Krampus shrugged and continued, his voice both remorseful and frustrated.
“Some people wrote that there’s a possibility my father prayed for his success and made vague promises that my brother and I were bound to see through for eternity,” he went on. “Some believe that he potentially made a bad deal with the fae folk, or a demon, or Gods, or any sort of whosit or whatsit. The retelling always depends on the culture, of course. Some people said my father had nothing to do with it, and it was a pure freak accident that my brother and I were chosen.”
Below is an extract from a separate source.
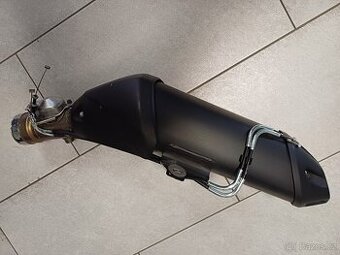 Nový originální výfuk Yamaha FZ1 - R.v 2012 - 1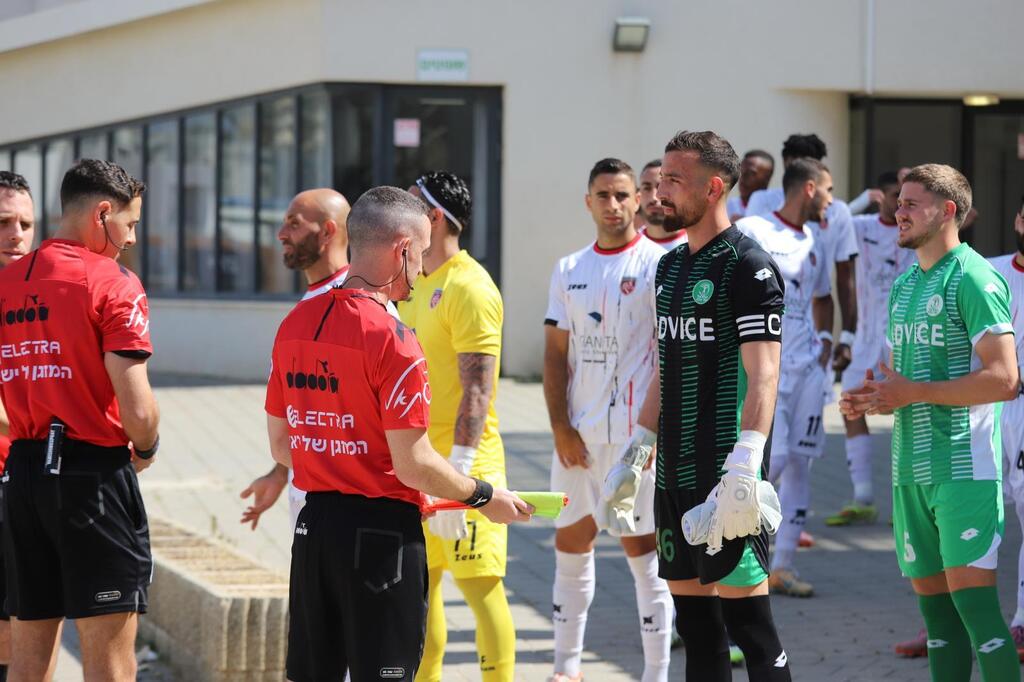 عودة الحياة للمدرجات بعد 40 يومًا من الغياب بسبب الحرب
“But no matter how you slice it, we’re here now. All of us are. You, me, and… and my brother.” Krampus leaned back in the chair. I wanted to ask more questions, pry for information, but I didn’t want to push for more. There was something about his expression and the flaring of his nostrils that told me this was a more sensitive conversation than I had anticipated.
“You most definitely know him. Or know of him. My brother, that is,” Krampus continued, a sliver of venom on the edge of his tone. “Everyone does. Everyone just loves Nikolaus. Can’t get enough of him, actually! Lucky bastard.”